→ EXERCISE OBJECTIVE
Copy the lines below exactly, starting at the one with "3332 N Hamlin Ave #1 — Photo 6" and ending at the one with "South Korean actor", and leave out any picture.

→ WORKING DATA
=======

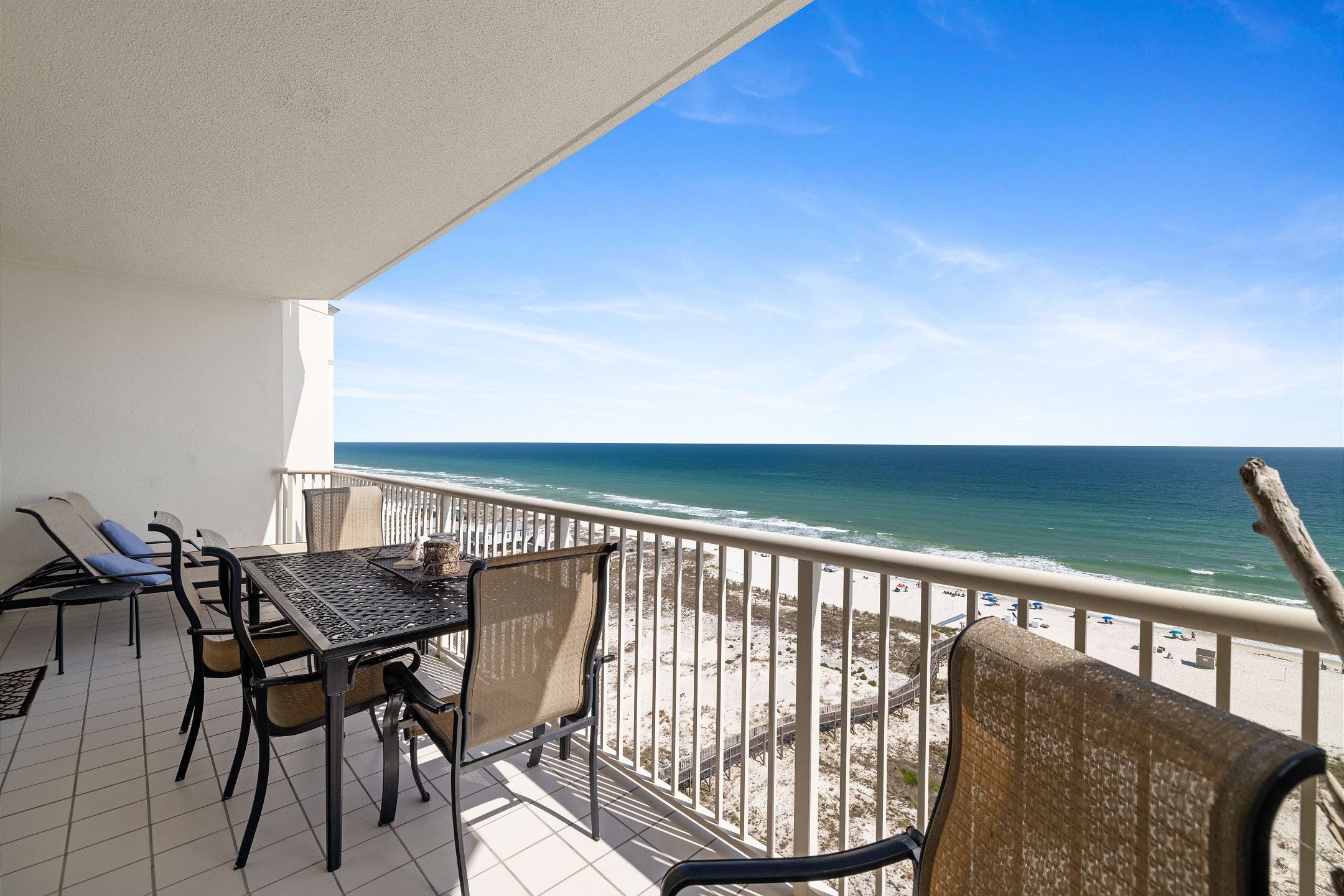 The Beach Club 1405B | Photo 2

=======

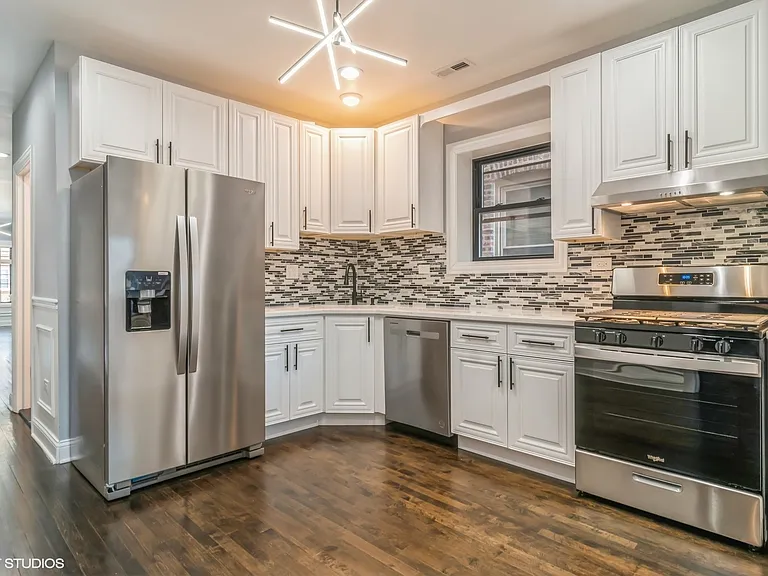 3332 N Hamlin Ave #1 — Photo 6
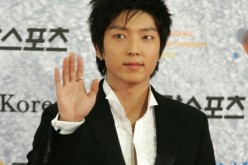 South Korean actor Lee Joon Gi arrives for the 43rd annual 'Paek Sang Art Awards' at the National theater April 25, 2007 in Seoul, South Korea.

=======

→ TASK RESULT
 3332 N Hamlin Ave #1 — Photo 6
 South Korean actor Lee Joon Gi arrives for the 43rd annual 'Paek Sang Art Awards' at the National theater April 25, 2007 in Seoul, South Korea.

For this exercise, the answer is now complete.